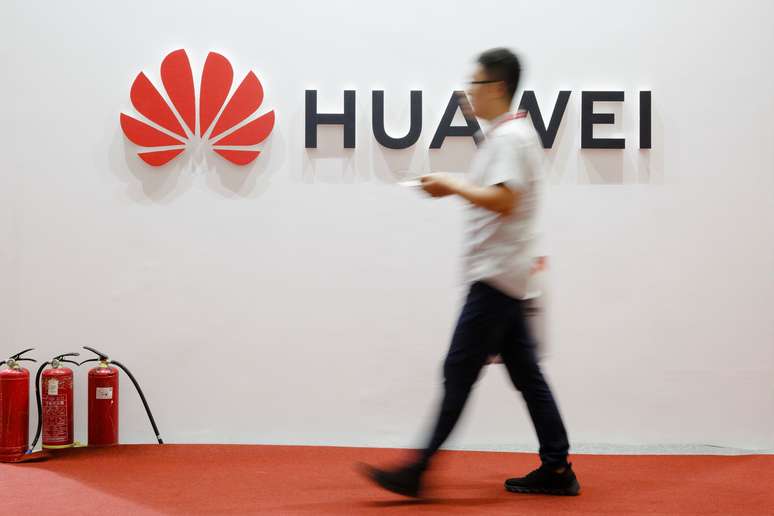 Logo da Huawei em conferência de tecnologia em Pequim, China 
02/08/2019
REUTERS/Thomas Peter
==
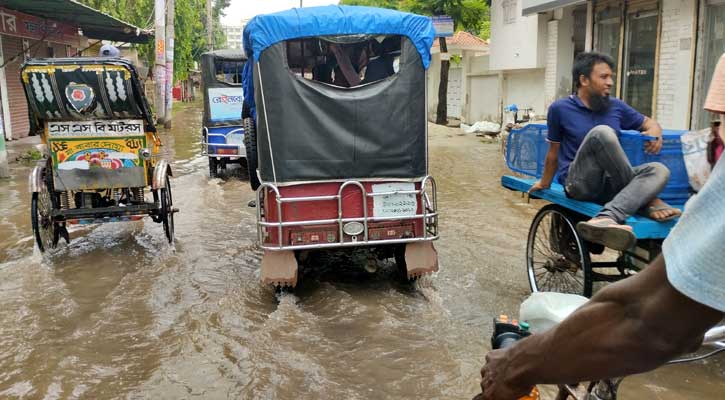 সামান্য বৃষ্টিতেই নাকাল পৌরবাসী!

§ **Exercise requirements**:
Starting with the line above that holds "Logo da Huawei", restate each line word for word up to and including the line that holds "REUTERS/Thomas Peter". Drop the pictures.

§ **Answer to the problem**:
 Logo da Huawei em conferência de tecnologia em Pequim, China 
02/08/2019
REUTERS/Thomas Peter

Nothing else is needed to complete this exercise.